With everything appearing to work I tried to get elastic fox to work so I could do something useful with my cloud; however I could not get it to accept a new region. I believe this is related to a recent update where amazon was adding some features that made it incompatible with Eucalyptus, though perhaps this will be addressed soon. I did eventually find a fork of the elastic fox called Hybridfox that is made to work with Eucalyptus but for now I was relegated to the command line tools to try and get an image up and running. The ubuntu website made mention of a "register-uec-tarball" script which when used with one of their pre-supplied images would register it with the cloud controller. I found the script at: http://bazaar.launchpad.net/~ubuntu-on-ec2/ubuntu-on-ec2/uec-tools/annotate/head:/register-uec-tarball
Unfortunately it didn't work out of the box and I was not really interested in fixing it.

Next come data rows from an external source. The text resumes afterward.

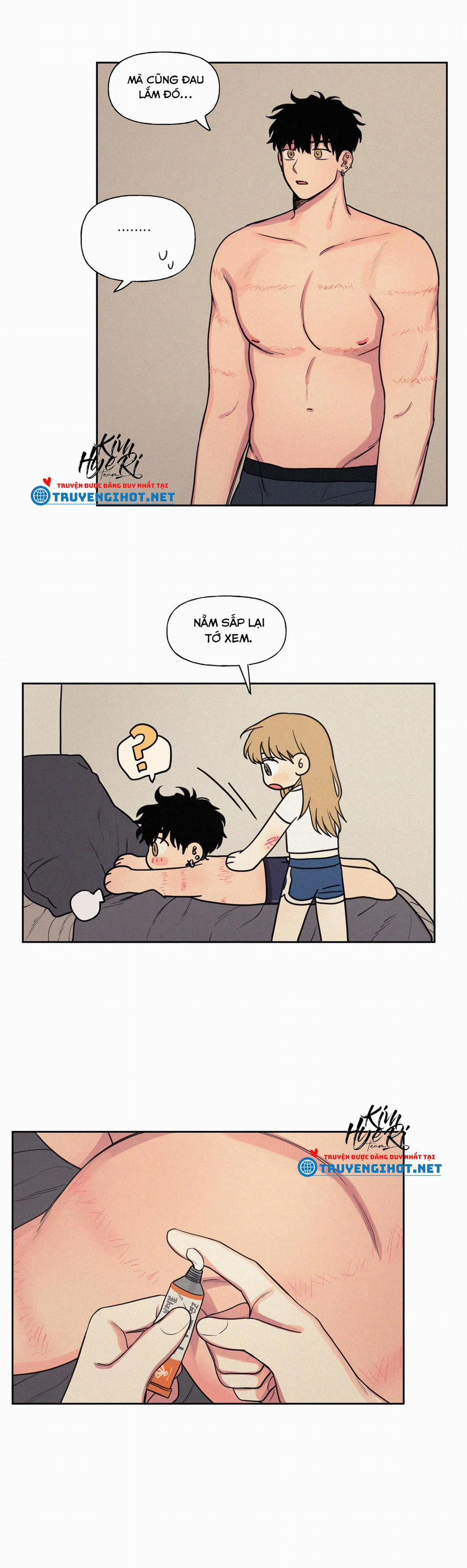 Lý Do Yêu Phải Thằng Bạn Thân 12.1 trang 1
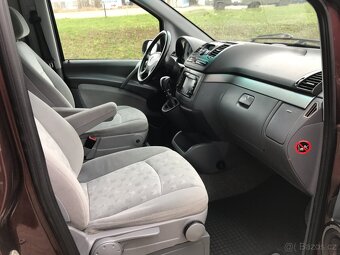 Mercedes-Benz Viano, 2,2CDi,110kW,6 Míst,Webasto - 8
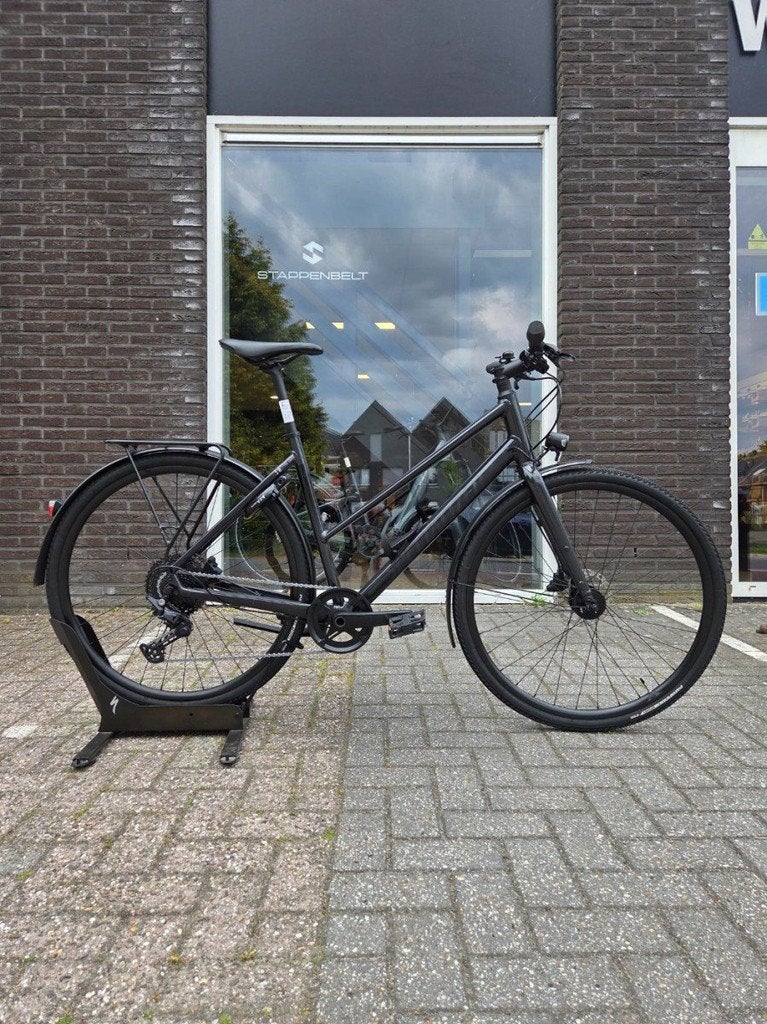 Specialized Sirrus X 3.0 ST EQ Nearly Black/black Reflective, Fietsen en Brommers, Overige merken, Gebruikt, -, - 0
-, NL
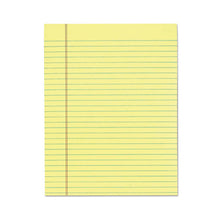 Load image into Gallery viewer, TOPS™ wholesale. TOPS &quot;the Legal Pad&quot; Glue Top Pads, Wide-legal Rule, 8.5 X 11, Canary, 50 Sheets, 12-pack. HSD Wholesale: Janitorial Supplies, Breakroom Supplies, Office Supplies.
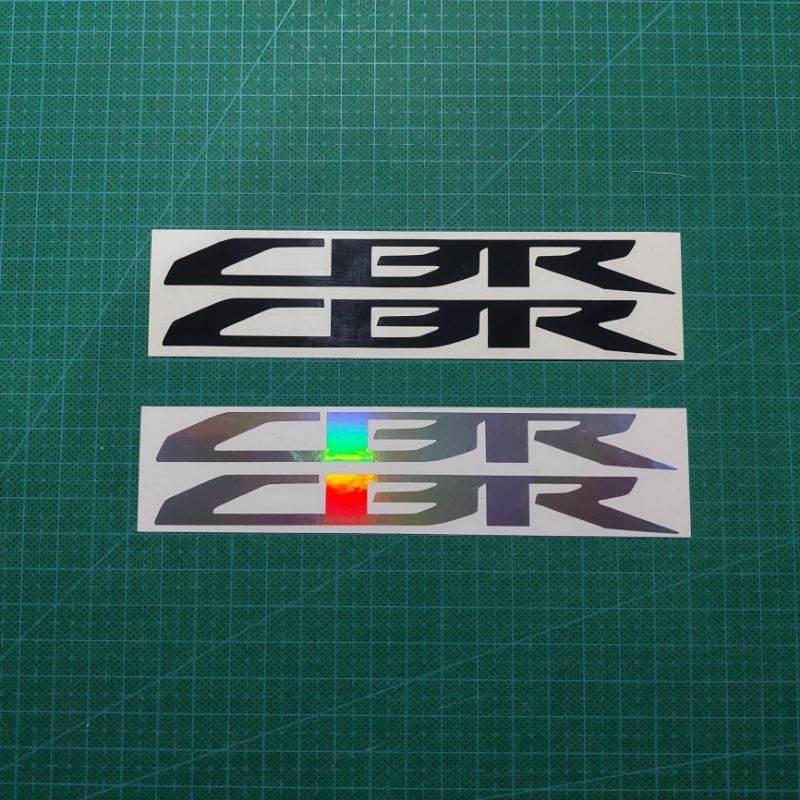 Sticker CBR Cutting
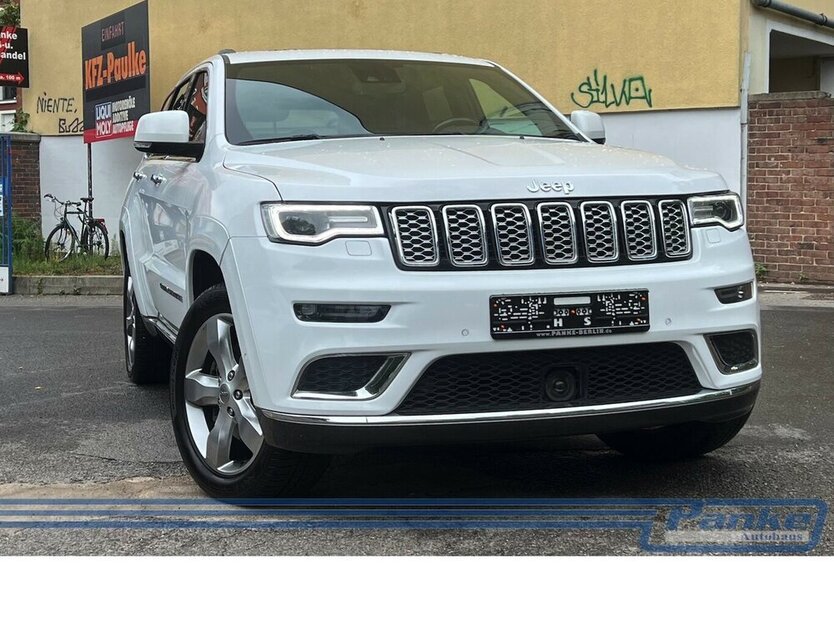 Grand Cherokee 3.0 CRD Summit*Pano*4x4*H+K*CarP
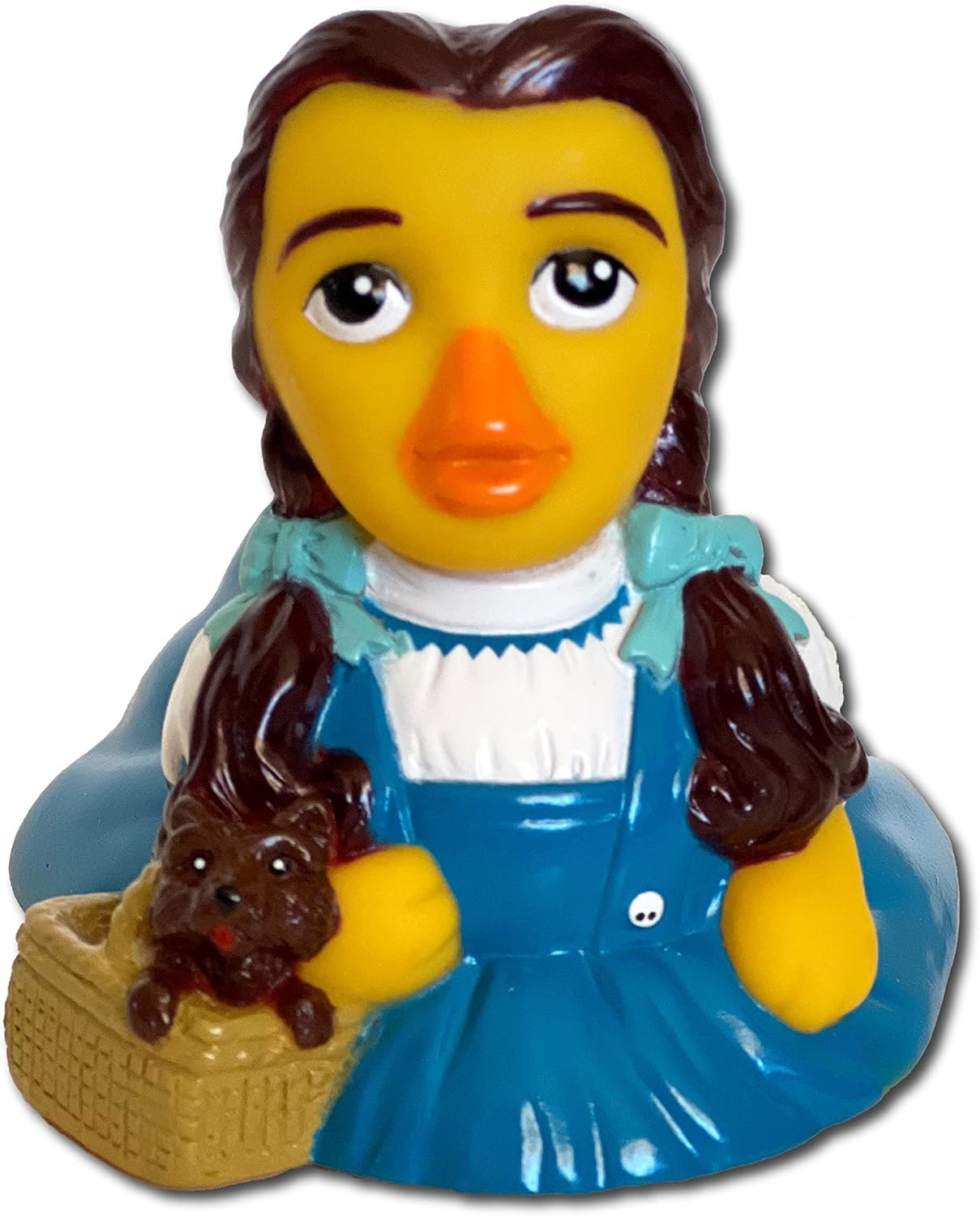 CelebriDucks - Dorothy - Floating Rubber Ducks - Collectible Bath Toys Gift for Kids & Adults of All Ages
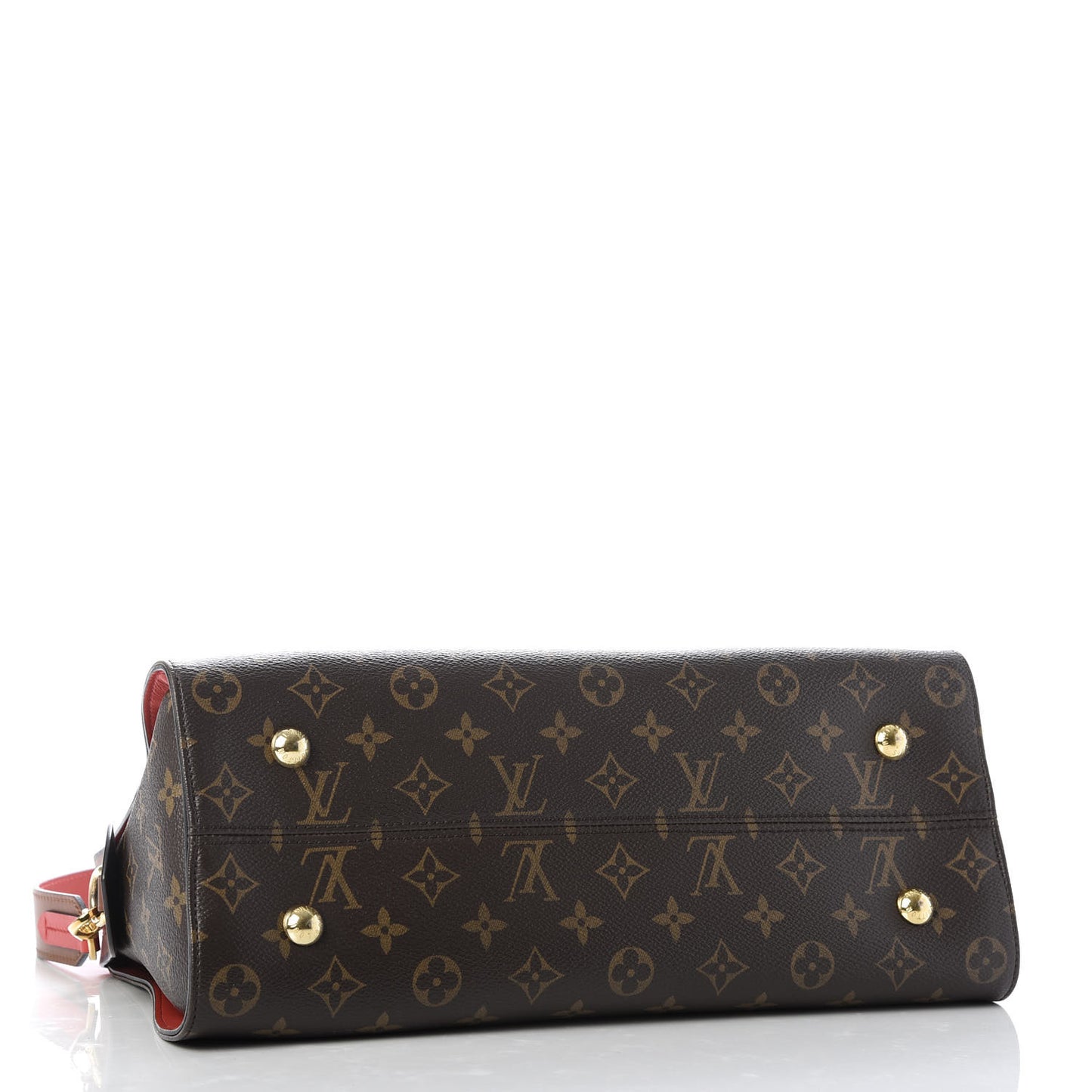Monogram Tuileries Caramel Rouge
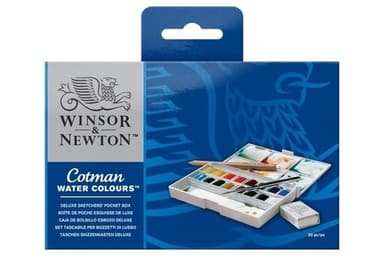 Cotman Water Colour Deluxe lommeeske
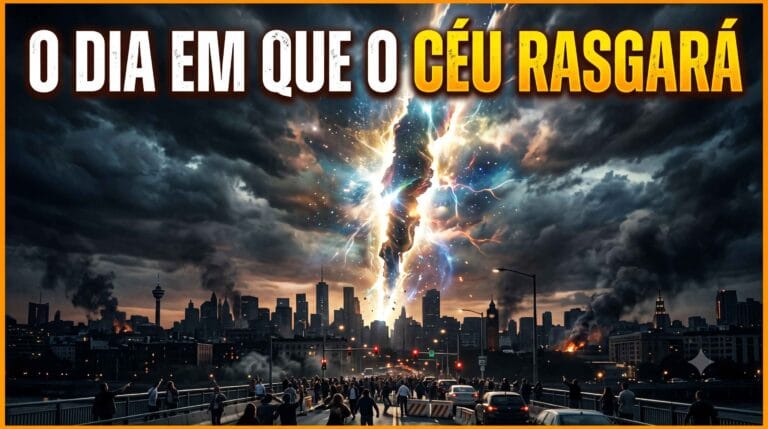 Céu rasgará.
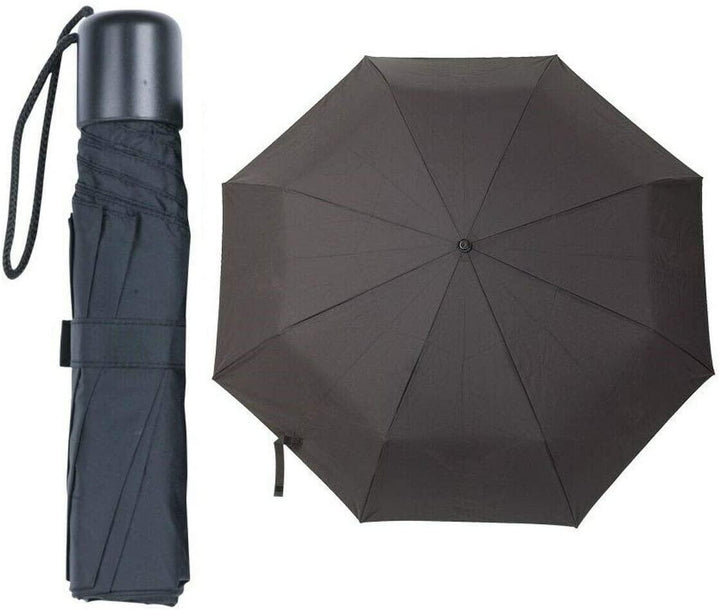 Martin Umbrella Premium Black - Compact Size - Pinoyhyper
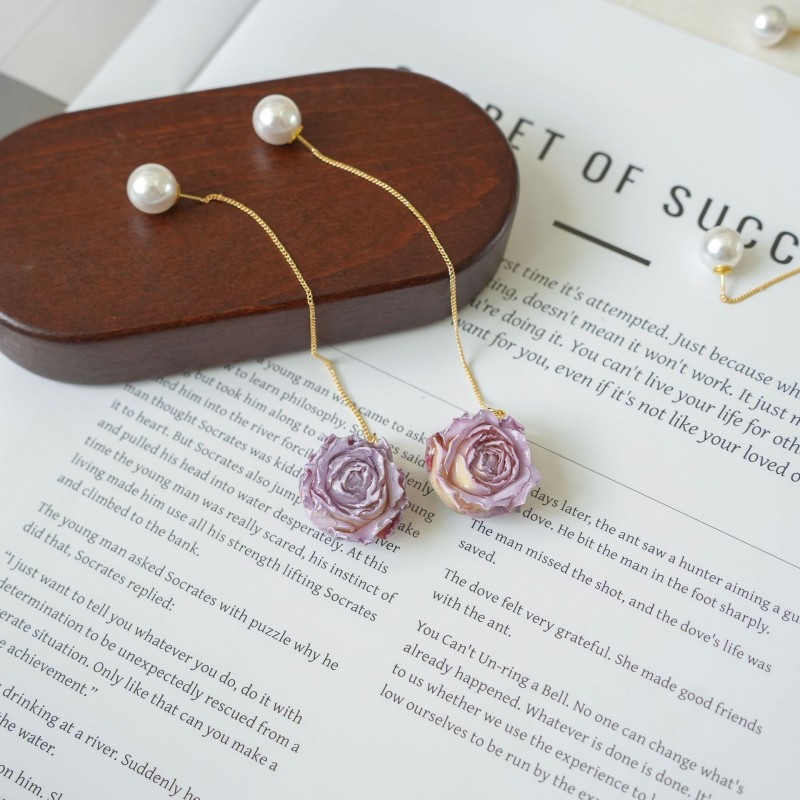 Preserved Rose Flower Series E - Flower Preservation Resin 리뷰 및 가격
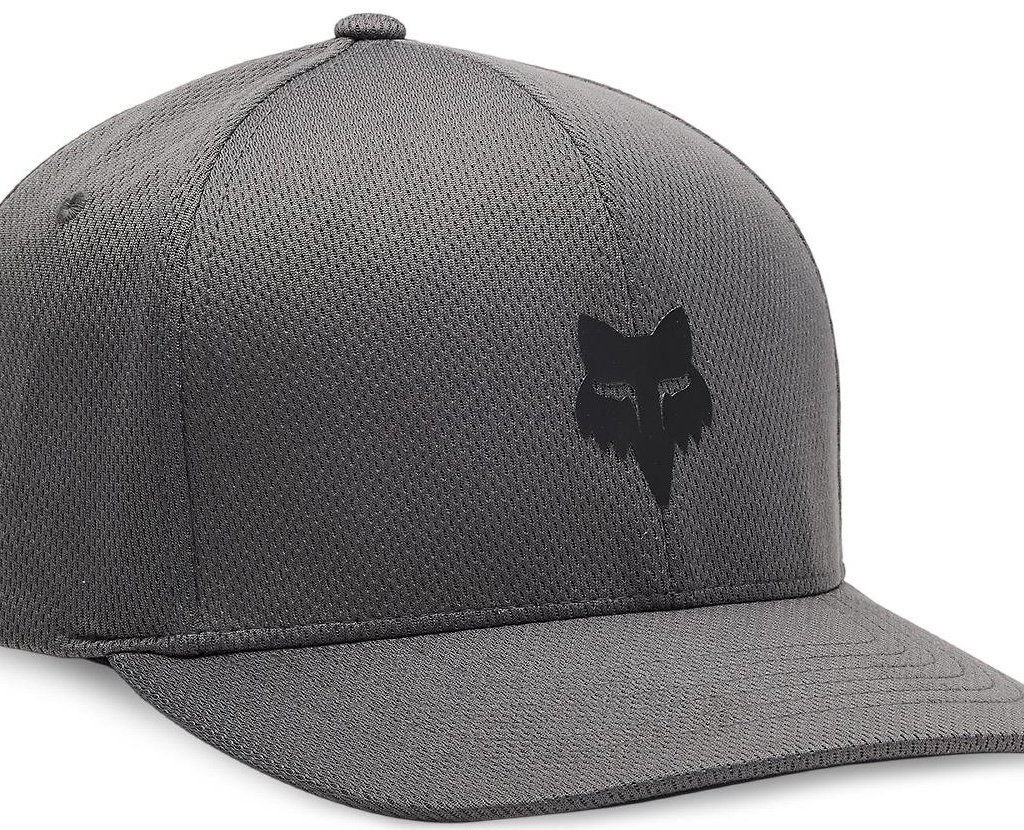 Кепка FOX HEAD TECH FlexFit® Hat [Steel Gray], S/M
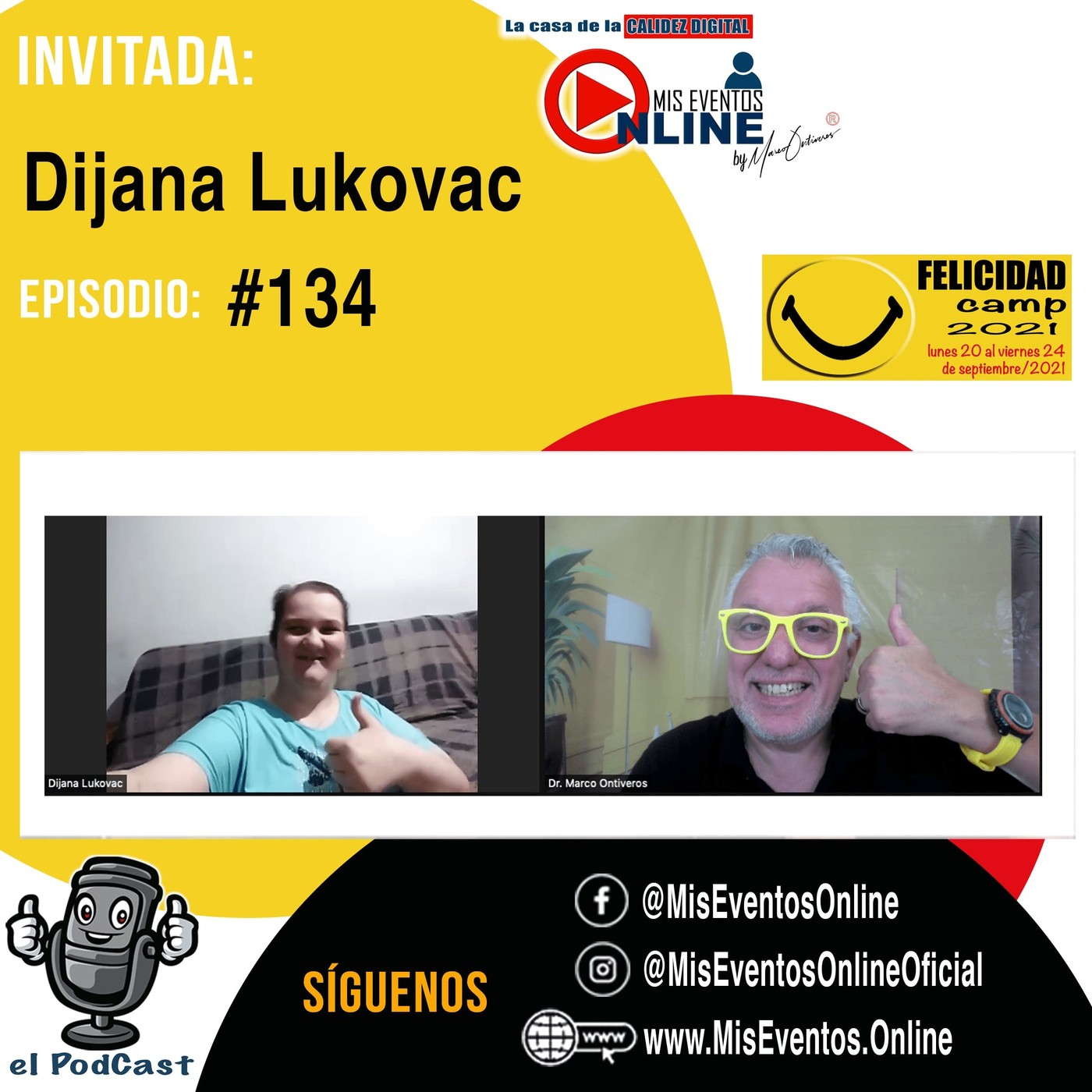 Mis Eventos Online - el podcast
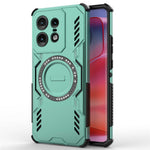 Motorola Edge 50 Pro 5G Magnetiskt Skal Butterfly Armor Hollow Värmeavledande PC + TPU mobilskal
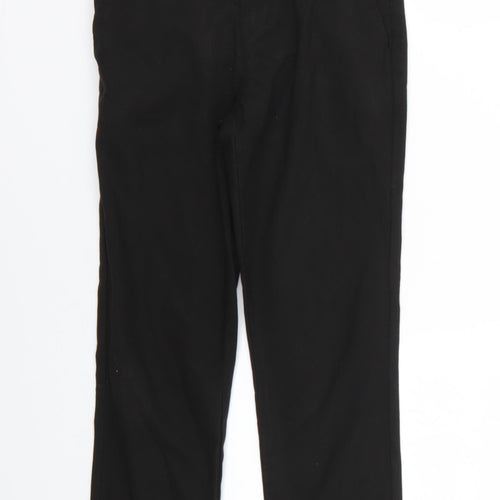 NEXT Boys Black   Cropped Trousers Size 9 Years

./register-uec-tarball.sh euca-centos-5.3-i386.tar.gz centos i386
Mon Dec 21 20:08:16 EST 2009: ====== extracting image ======
can't find image
cleaning up /tmp/register-uec-tarball.sh.zEYnMK

One note is that if you browse through the instance store through the web interface you can just download an image with a click of a button and that seems to work without problems, but you are limited to only what is available through the image store which was a beta media server and 2 different version of ubuntu and I had my heart set on centOS.
I did manage to get my image to register using the command line instructions provided at https://help.ubuntu.com/community/UEC/CDInstall scroll down to "STEP 7: Run an Image". The steps refer to a non-existent EMI environment variable in step 3. This can be retrieved from the management console or from the euca-describe-images command (it will be the one with image.manifest.xml in the file name).
Bellow is what the commands looked like for my install. Note if you are trying to replicate this your would be different based off the image you are trying to install (again I was doing centOS) and the EKI and EMI values will be different.
gunzip centos.tar.gz
tar -xvf centos.tar
cd euca-centos-5.3-i386/
euca-bundle-image -i kvm-kernel/vmlinuz-2.6.28-11-server --kernel true
euca-upload-bundle -b centos-kernel-bucket -m /tmp/vmlinuz-2.6.28-11-server.manifest.xml
euca-register centos-kernel-bucket/vmlinuz-2.6.24-19-xen.manifest.xml
(set the printed eki to $EKI [word after IMAGE export EKI=eki-41CD162F in my case])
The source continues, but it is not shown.